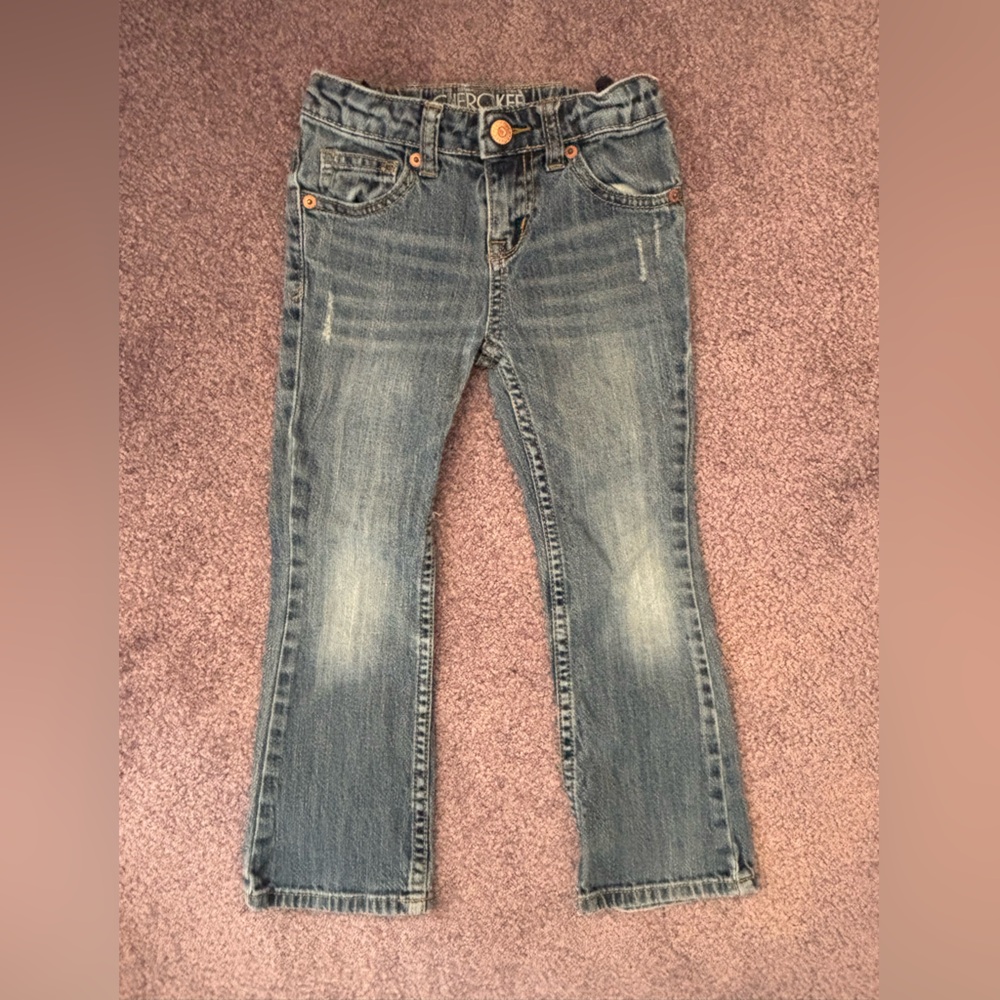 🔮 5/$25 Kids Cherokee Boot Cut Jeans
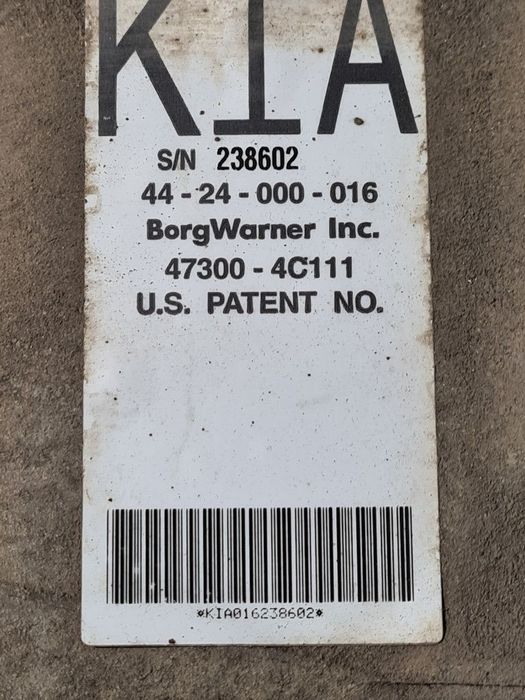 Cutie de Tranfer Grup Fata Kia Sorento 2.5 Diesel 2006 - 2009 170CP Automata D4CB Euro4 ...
● ● ● ● ●
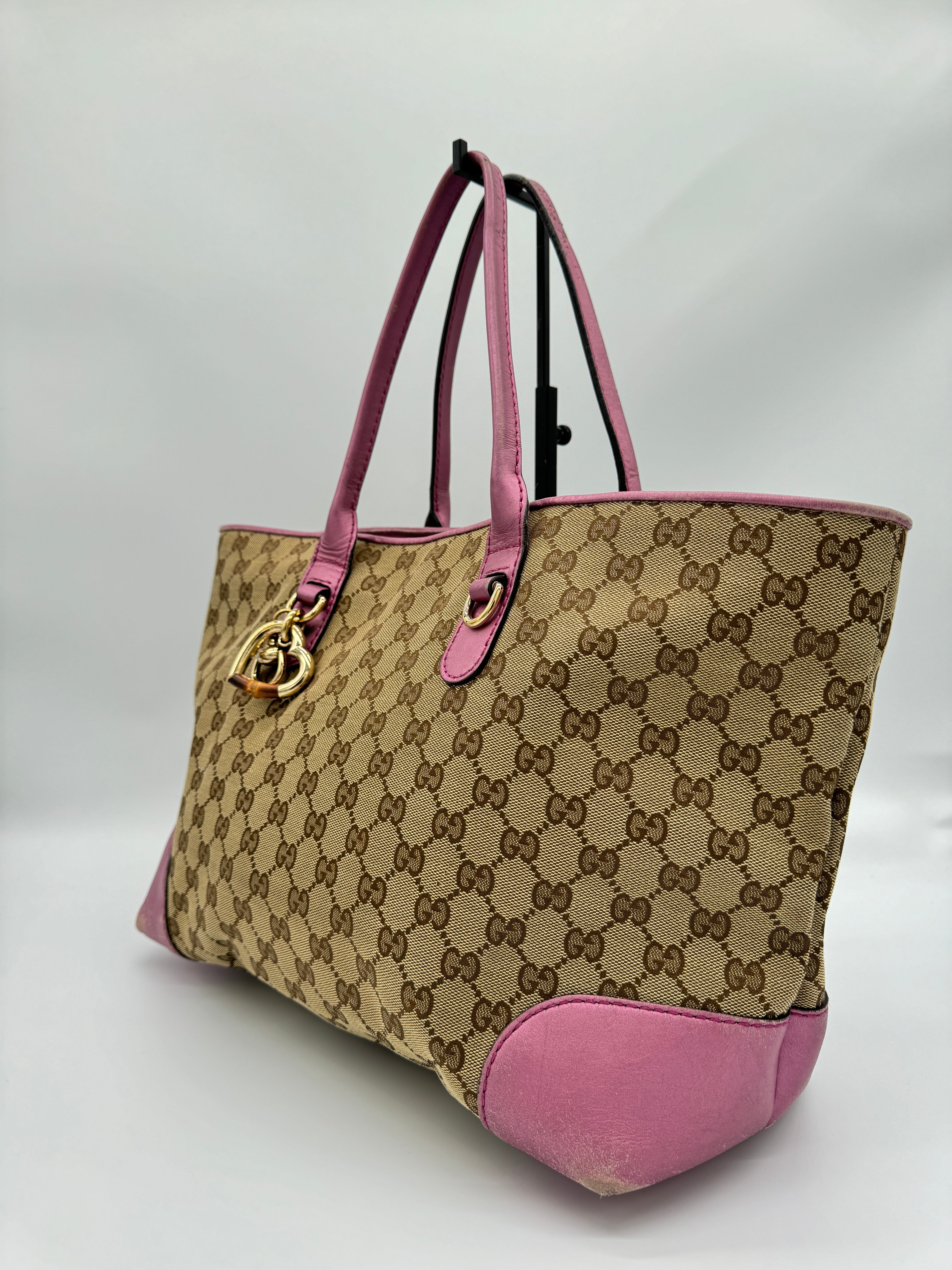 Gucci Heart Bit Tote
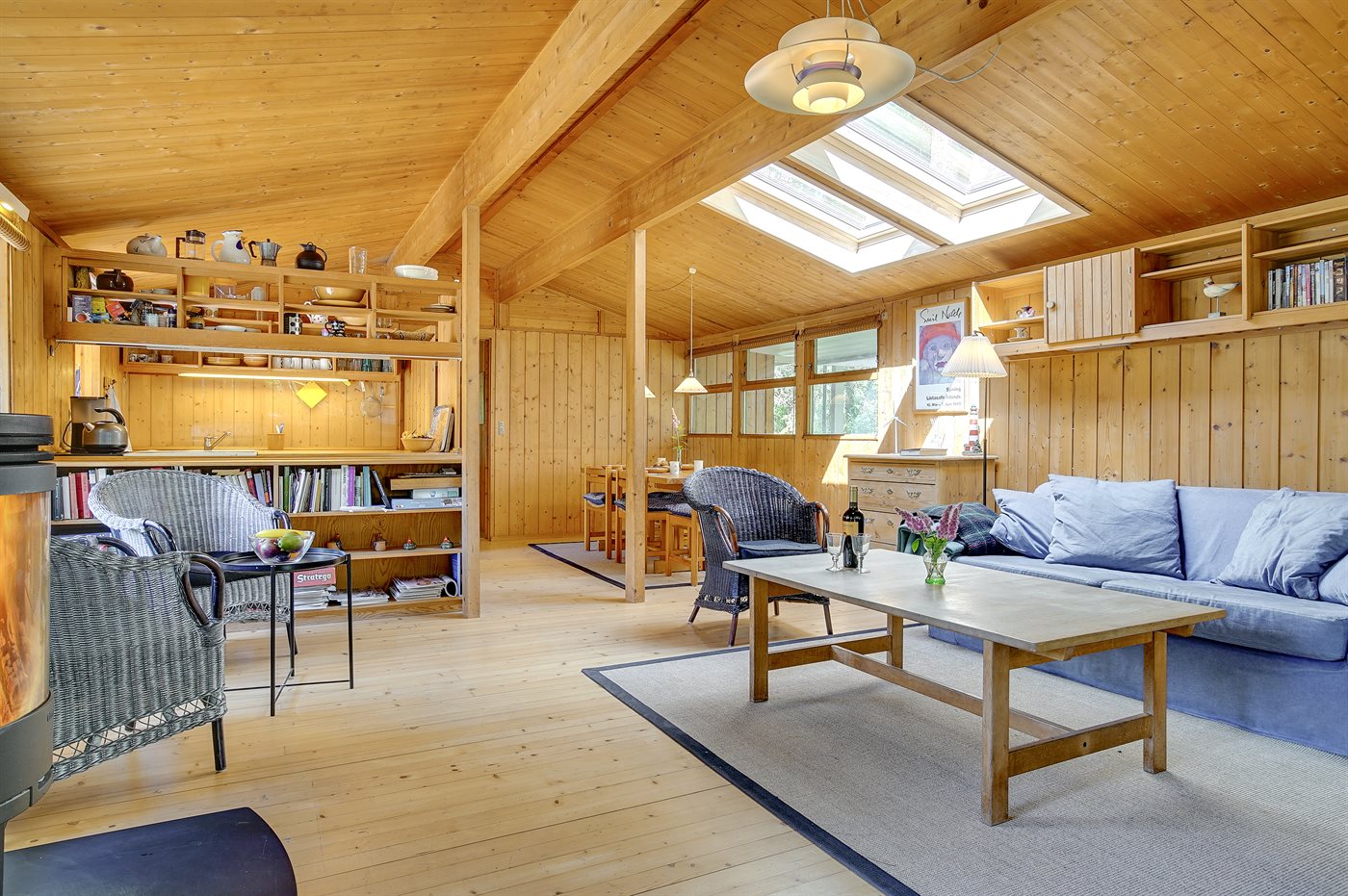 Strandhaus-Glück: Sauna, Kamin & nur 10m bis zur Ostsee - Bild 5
● ● ● ● ●
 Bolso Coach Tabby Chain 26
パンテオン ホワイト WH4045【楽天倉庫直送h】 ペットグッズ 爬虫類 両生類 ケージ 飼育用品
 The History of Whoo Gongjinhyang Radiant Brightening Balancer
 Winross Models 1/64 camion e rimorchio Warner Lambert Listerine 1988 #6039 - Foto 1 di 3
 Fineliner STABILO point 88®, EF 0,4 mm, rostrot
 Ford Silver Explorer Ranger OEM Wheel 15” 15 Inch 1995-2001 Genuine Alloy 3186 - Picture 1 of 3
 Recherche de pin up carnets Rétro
● ● ● ● ●
**TRY IT**
Look above for the line with "パンテオン ホワイト WH4045【楽天倉庫直送h】" and the line with "Recherche de pin up carnets Rétro". Retype those two lines and every line between them exactly, adding nothing.

**ANSWER BELOW**
パンテオン ホワイト WH4045【楽天倉庫直送h】 ペットグッズ 爬虫類 両生類 ケージ 飼育用品
 The History of Whoo Gongjinhyang Radiant Brightening Balancer
 Winross Models 1/64 camion e rimorchio Warner Lambert Listerine 1988 #6039 - Foto 1 di 3
 Fineliner STABILO point 88®, EF 0,4 mm, rostrot
 Ford Silver Explorer Ranger OEM Wheel 15” 15 Inch 1995-2001 Genuine Alloy 3186 - Picture 1 of 3
 Recherche de pin up carnets Rétro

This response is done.